* Activity
What is needed is an exact copy of the entries below, with every picture left out.

* Extracted information

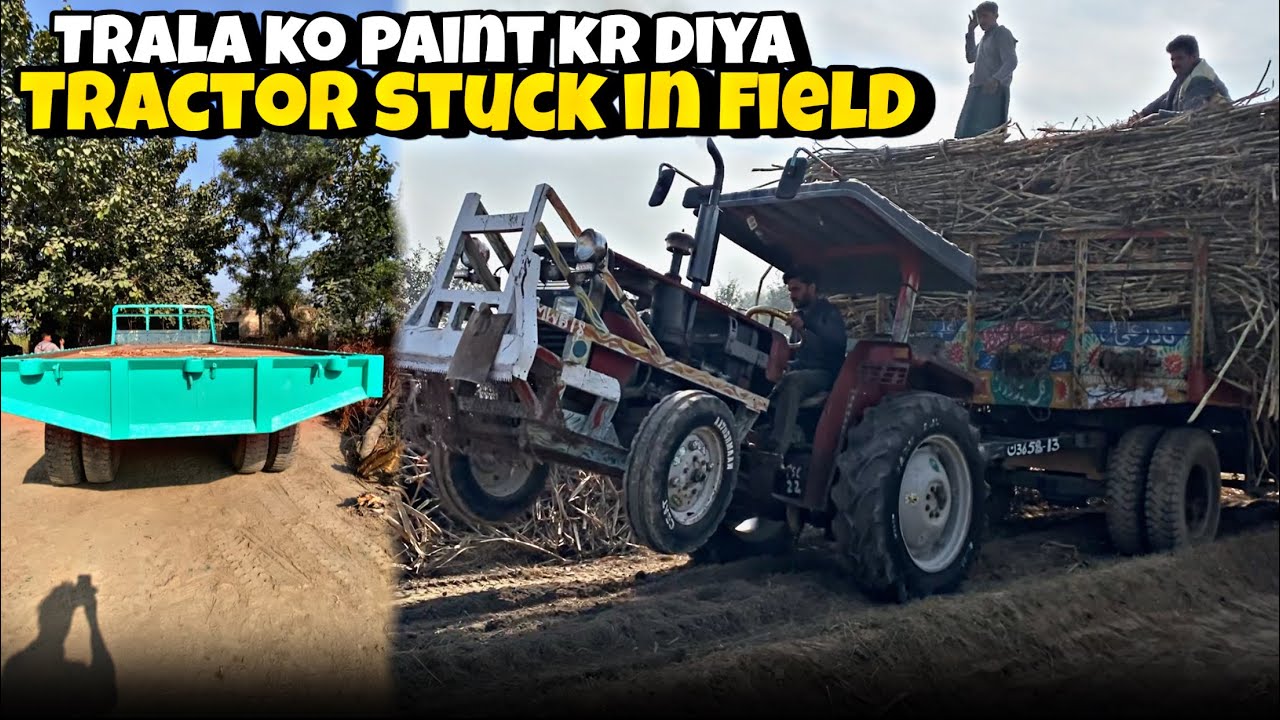 Tractor stuck in field | Trale ko paint kr diya 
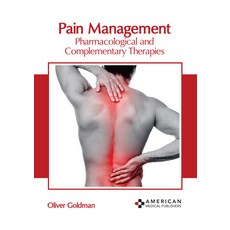 (英文圖書) Pain Management: Pharmacological and Complementary Therapies 精裝版, American Medical Publishers, 英文
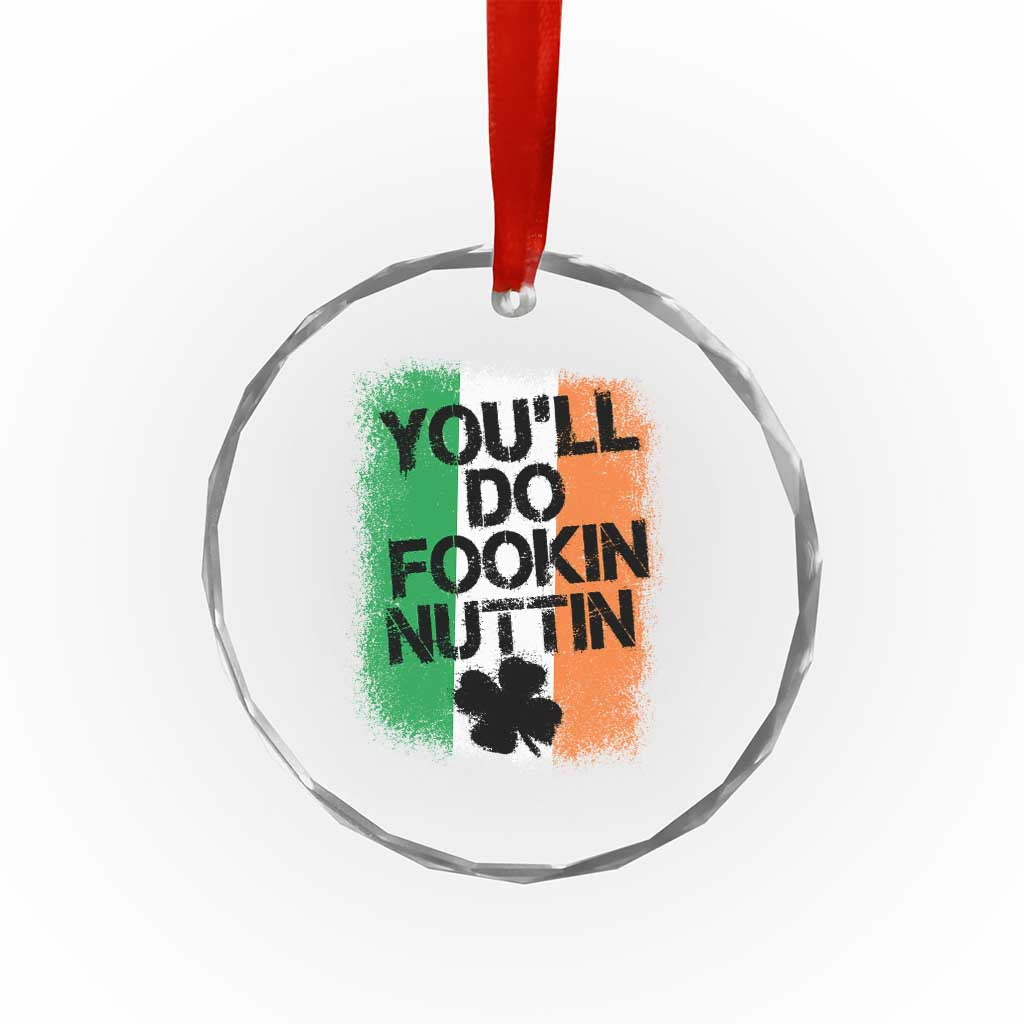 You Will Fookin Nuttin Irish Flag Pride Notorious Crystal Glass Ornament TS10 Print Your Wear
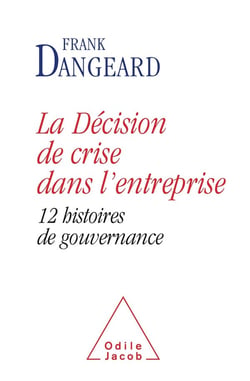 La décision de crise dans l'entreprise - 12 histoires de gouvernance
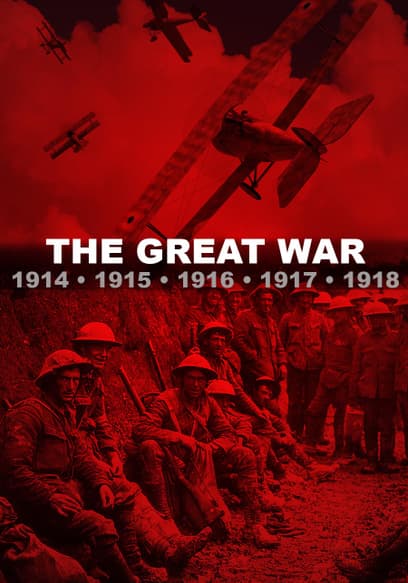 S01:E04 - The Great War: 1917 - the Breaking of Armies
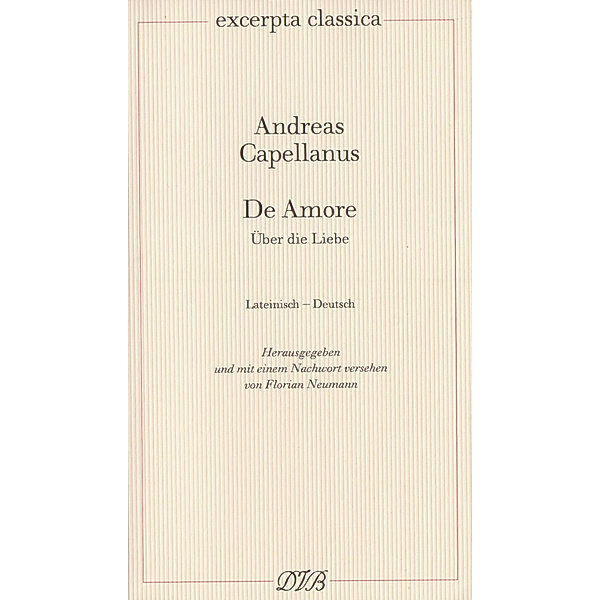 De Amore / Über Liebe, Andreas Capellanus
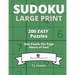 Sudoku Large Print: 200 Easy Puzzles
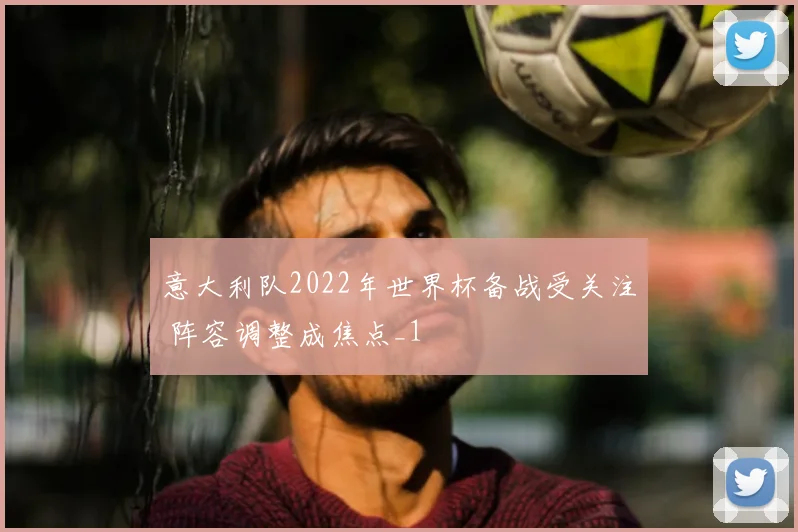 意大利队2022年世界杯备战受关注 阵容调整成焦点_1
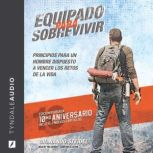 Equipado Para Sobrevivir, Nando Steidel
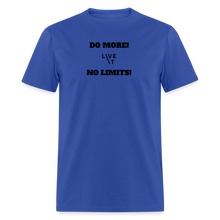 Load image into Gallery viewer, LIVE IT Unisex DO MORE NO LIMITS original Classic T-Shirt - royal blue

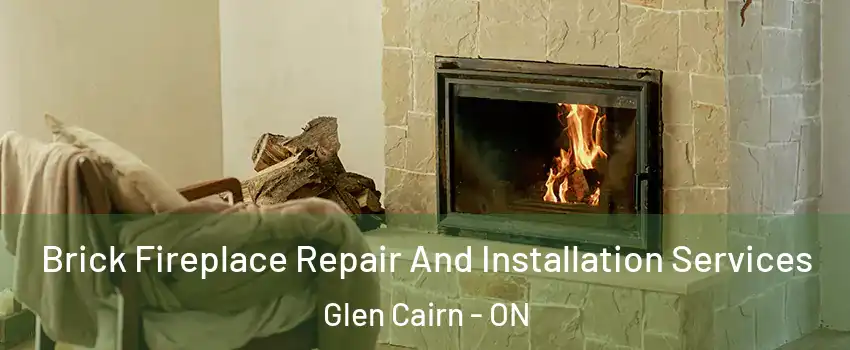  Brick Fireplace Repair And Installation Services Glen Cairn - ON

* Answer to this problem
 Tractor stuck in field | Trale ko paint kr diya 
 (英文圖書) Pain Management: Pharmacological and Complementary Therapies 精裝版, American Medical Publishers, 英文
 You Will Fookin Nuttin Irish Flag Pride Notorious Crystal Glass Ornament TS10 Print Your Wear
 La décision de crise dans l'entreprise - 12 histoires de gouvernance
 S01:E04 - The Great War: 1917 - the Breaking of Armies
 De Amore / Über Liebe, Andreas Capellanus
 Sudoku Large Print: 200 Easy Puzzles
 意大利队2022年世界杯备战受关注 阵容调整成焦点_1
 Equipado Para Sobrevivir, Nando Steidel
 Load image into Gallery viewer, LIVE IT Unisex DO MORE NO LIMITS original Classic T-Shirt - royal blue

  Brick Fireplace Repair And Installation Services Glen Cairn - ON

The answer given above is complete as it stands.